Early in the investigation, some of the respondents chose to accept consent orders rather than litigate the dispute. At the ITC, a consent order works as a kind of settlement where the respondent avoids litigation by simply agreeing not to import the accused product.
The ITC later terminated the entire investigation in October 2019 with a finding of no violation because Walbro failed to satisfy Section 337’s domestic industry requirement. Then a month ago, one of the original respondents—a Chinese manufacturer named Fujian Hualong Carburetor Co.—asked the ITC to rescind its consent order.
The ITC published a notice this week denying the request.
[Hualong] has failed to show there is any basis for granting its petition . . .. In particular, [Hualong] has failed to show that a later determination that the complainant fails to satisfy the domestic industry requirement concerns a change in the conditions of law or fact which led to the Consent Order. Nor does [Hualong] cite any language in the Consent Order that it may be rescinded based on a later finding in the investigation of no domestic industry. Further, [Hualong] has failed to show that the public interest requires that the Consent Order be rescinded.
Hualong’s consent order stipulation follows the same standard template and boilerplate language typically used in all ITC investigations. That language includes a clause stating that the order “shall not apply with respect to any claim of any Asserted Patent that has expired or been found or adjudicated invalid.” But there’s no standard clause saying anything about what happens if the complainant fails to satisfy the domestic industry test.
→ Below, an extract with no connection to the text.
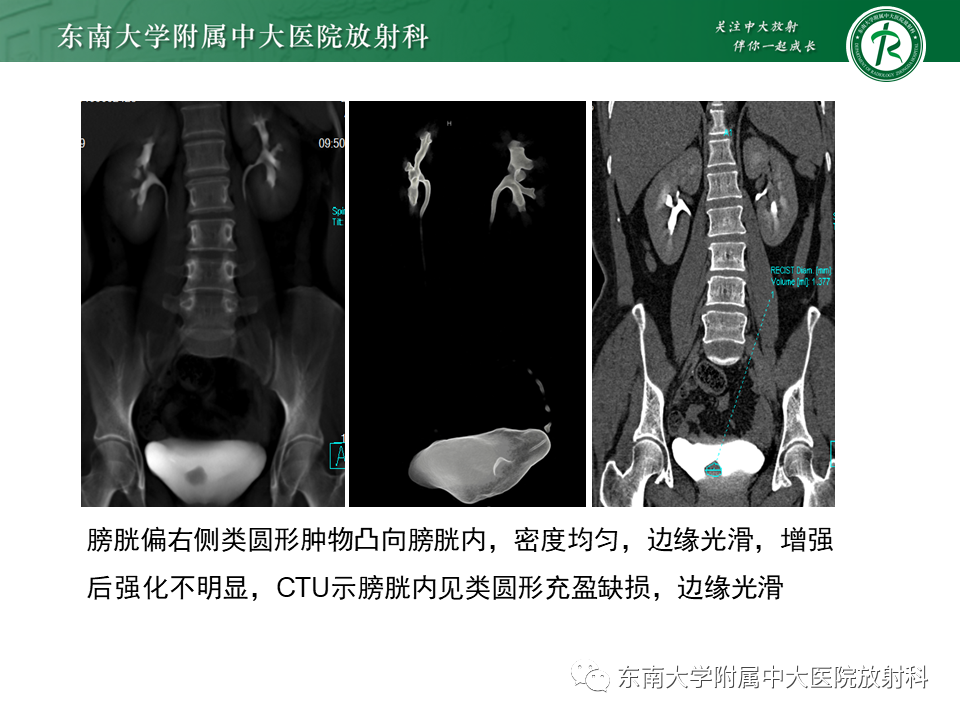 影像PPT - 【PPT】膀胱平滑肌瘤-14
Walbro argued, and the ITC agreed, that the consent order is therefore still valid.
Obviously, there’s a lesson in this for lawyers representing clients at the ITC on the potential consequences of consent orders and maybe an opportunity to draft a new clause in consent order stipulations.
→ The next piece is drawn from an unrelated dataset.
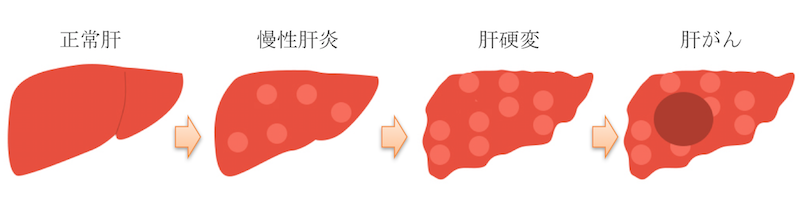 liver LC HCC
What I think is most interesting about the ITC’s decision here is that despite its legalistic rationale for denying Hualong’s request, the Commission could easily have chosen to rescind the order on the ground that it would be contrary to the public interest to block imports that the agency itself has determined do not violate Section 337. Its refusal to do so may be indicative of the low priority the ITC generally gives to the law’s trade-based elements—in this case the domestic industry requirement—which limit its power to function as an all-purpose administrative patent court.